Gosh, this has been fun!
At any rate, I ran one last time with RC this week and we discussed goals and strategies for today's race. We both knew I'd PR and he told me it was my decision to try and shave a couple of seconds off of my 25:20 5k time, or go for the gusto and break 25 minutes. I told him I wasn't a sissy and I was GOING to break 25 minutes. 24:59 to be exact.
This morning I got up early and started planning my strategy for pace times. RC told me previously that a 24:59 equated to an overall pace of 8:02. I ran the numbers and if I did a 8:10, 8:00, and 7:50 I'd be right at 24:59. Too close for comfort for me. At an 8:05, 7:55, 7:45 I was still pushing the 25 minute envelope. What the heck, try for an 8:00, 7:50, 7:40...that would give me a 24:30 but would also give me enough wiggle room in case the course was long, or heaven forbid, I bonked anywhere in the middle.

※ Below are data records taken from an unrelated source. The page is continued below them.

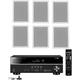 Yamaha 5.1-Channel Wireless Bluetooth 4K A/V Home Theater Receiver + Yamaha High-Performance Natural Sound 3-way in-wall front/center speaker system (Set of 6)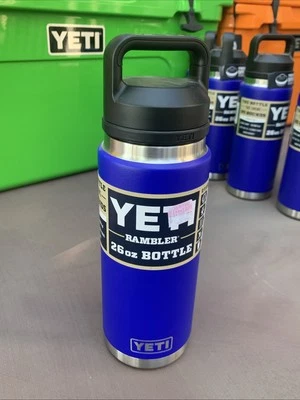 YETI Rambler 26 Oz. Bottle w/Chug Cap OFFSHORE BLUE CANCELED COLOR BRAND NEW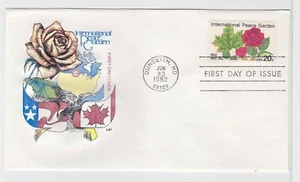 TurtlesTradingPost- Peace Garden 1982 #2014- FDC House of Farnam Cachet - Picture 1 of 1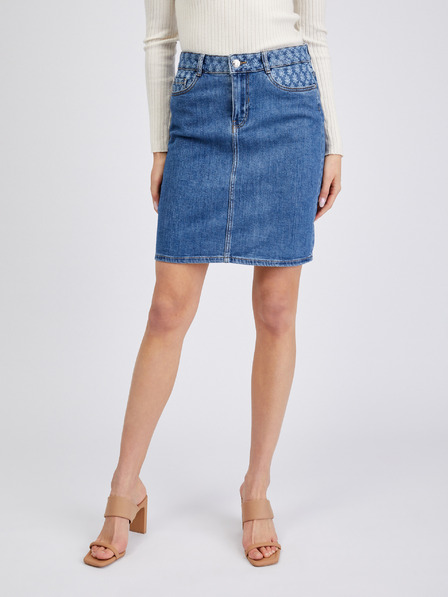 Orsay Blauer Damen-Denimrock ORSAY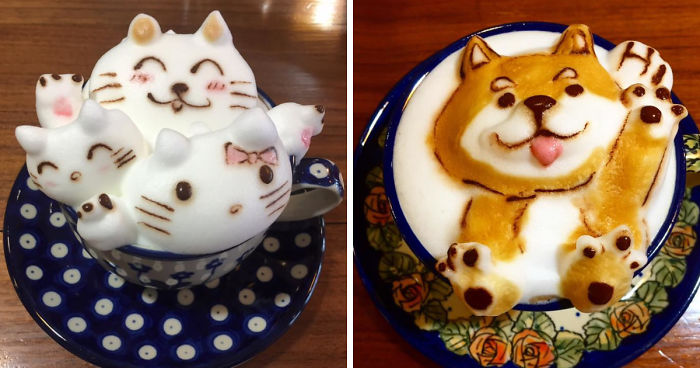Coffee Artist Creates Impressive 3D Latte Art And It’s Too Cute To Drink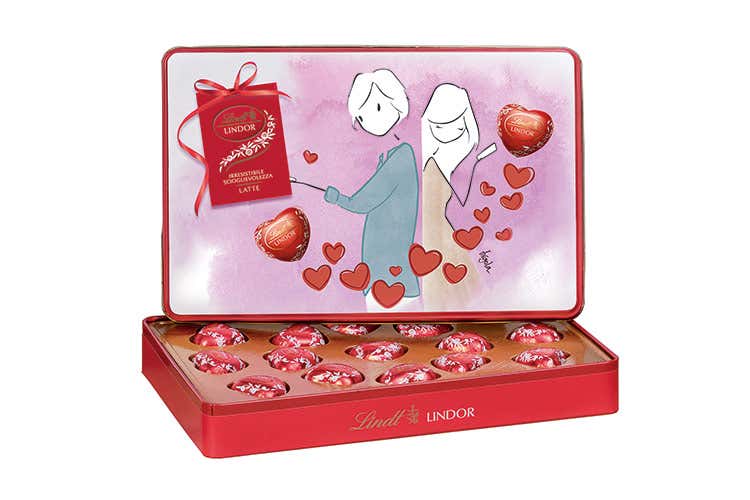 Lindt, nuova collezionefirmata Virgola per San Valentino Lindt, nuova collezionefirmata Virgola per San Valentino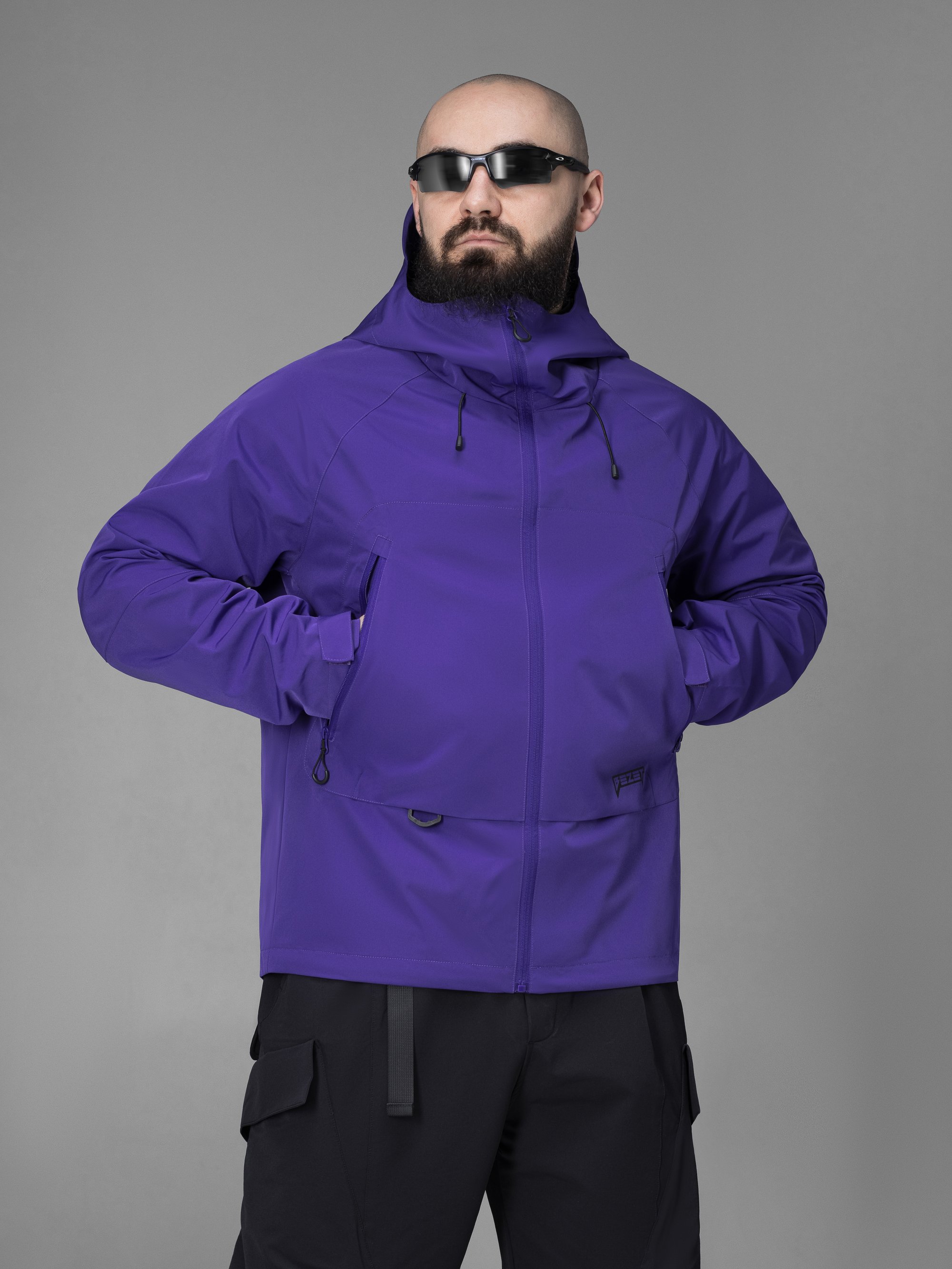 Куртка вітрівка BEZET Trail фіолетовий - Фото 6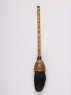 Ivory calligraphy painting brush with bats and lotus scroll (side)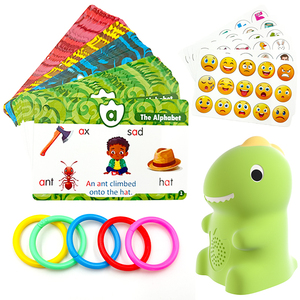 <span class=keywords><strong>การ์ด</strong></span>แฟลชไดโนเสาร์น่ารักพูดได้ รุ่น D7a สีเขียว ภาษา<span class=keywords><strong>อั</strong></span>งกฤษ สำหรับเด็ก มาใหม่ - Product Image 2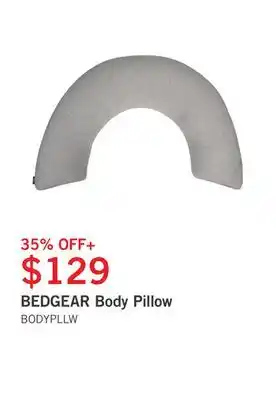 The Brick Bedgear body pillow offer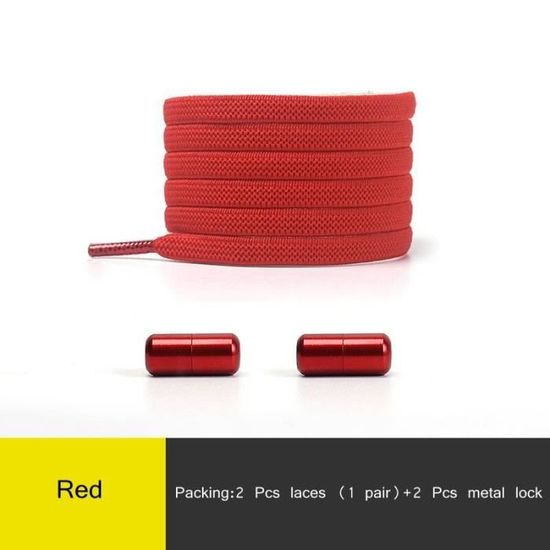 Lacets élastiques Noirs Sans Nœud 110 Cm - Ajustement Automatique Pour Chaussures Adultes Et Enfants - Idéal Pour Les Paresseux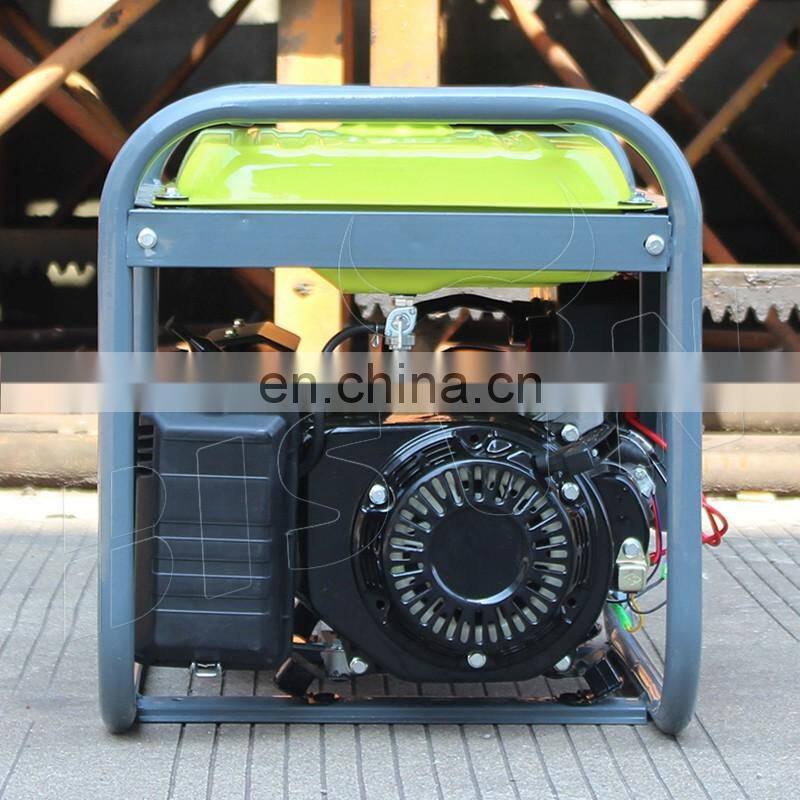 BISON CHINA TaiZhou Air Cooled Engine Key Start 2.5 Kva Kw Petrol Generator 2.5kw electric generator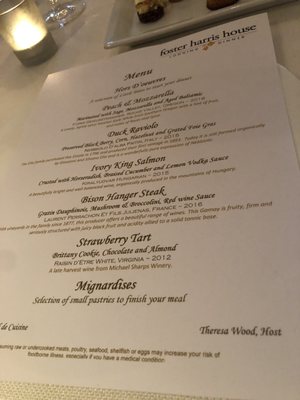 Menu photo 1 Foster Harris House Washington, VA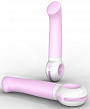 Розово-белый водонепроницаемый вибратор O-zone для G-стимуляции - 18 см. Odeco OD-6002GS PINK/WHITE - цена 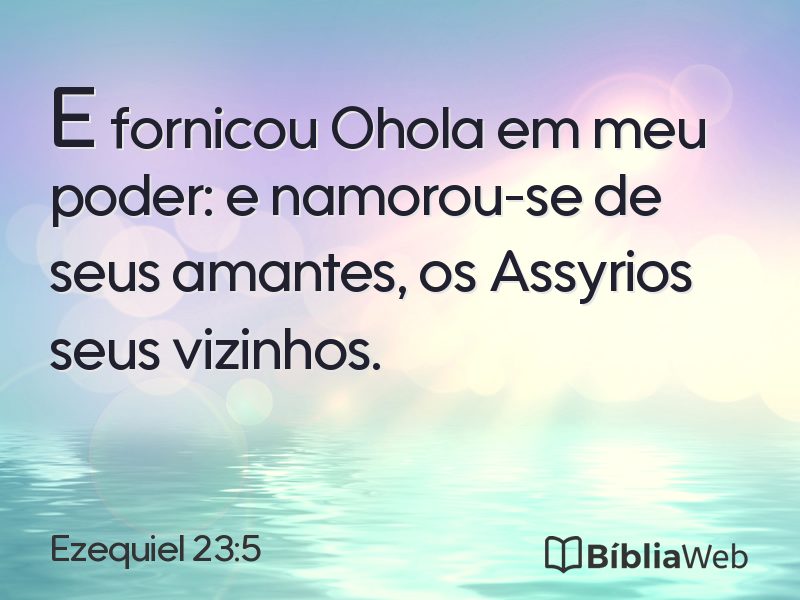 Ezequiel 23:5 em imagem para compartilhar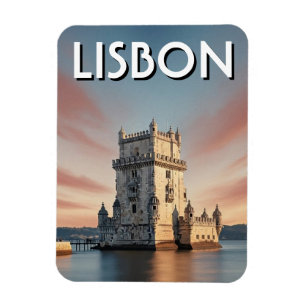 Imán Lisboa Portugal Viaje Torre de Belem 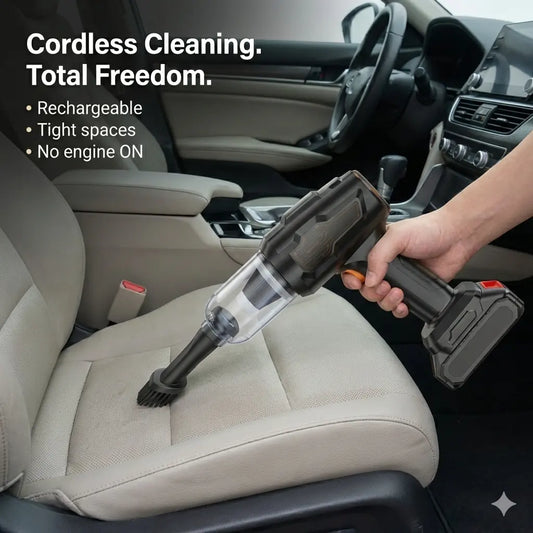 Cordless Car Vacuum Cleaner — Clean Your Car Anytime, Anywhere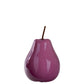 Ceramic Pear Figurine SM Pearlescent Finish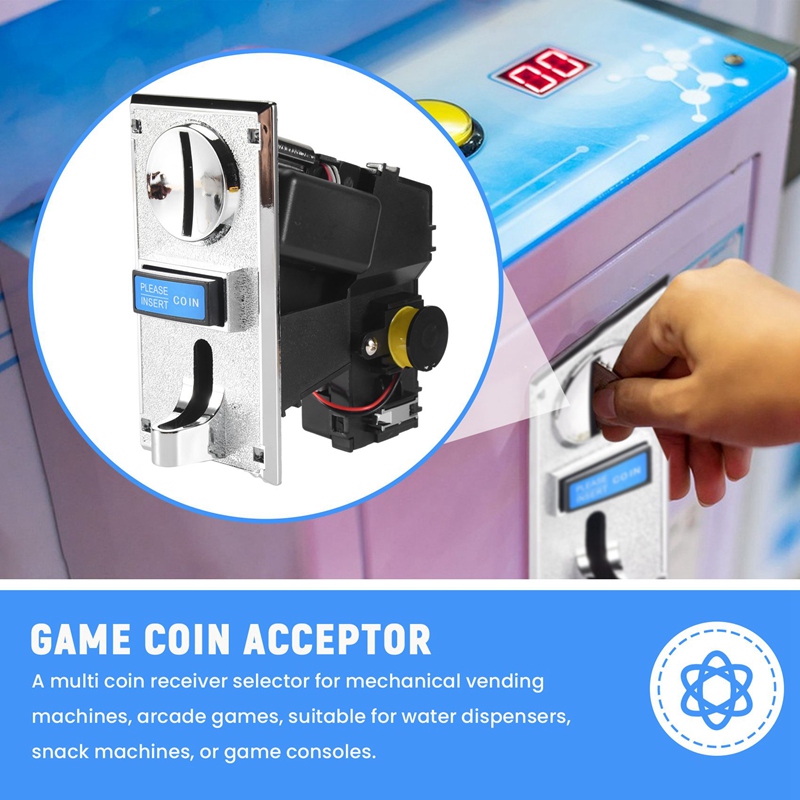 Multi Coin Acceptor Selector f - Arcade Vending Machines 评论和价格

I arrive at the race an hour early to get in a 3 mile warmup, which included a 1 mile fun run with the kiddos. I saw RC and he told me that today was the day I take the pebble from his hand. I think, "okay. I really hope I don't do something stupid."
I ran 1.5 miles and then got ready with Pete and Brylie for the 1 mile. They both ran it last year and did well, and Pete ran his first 5k last weekend so I was hoping that it all wouldn't be too much for him. We got started and they took off...I was running a 7:45 pace and they were WAY ahead of me. I decided to back off and let them run their little hearts out...I was still in warm up phase and didn't want to do something stupid. Peter had a great race, coming in 5th (again) but this was the first race he ever ran the entire thing! I was so proud to see him keep going despite that horrible look on his face (that "why am I doing this???" look). He beat his time from last year by over a minute! And little Brylie...a little competitor at heart...she was struggling...had gone out too fast...stopping to walk, when another little girl comes bouncing up beside us, wearing sandals for heaven's sake! Brylie takes one look at her, and decides she's not going to let that little girl beat her. She would stop and walk until that little girl got beside her and then she would take off...she was crying by the time she got to the finish line, but she did beat that girl and also placed 3rd for the girls!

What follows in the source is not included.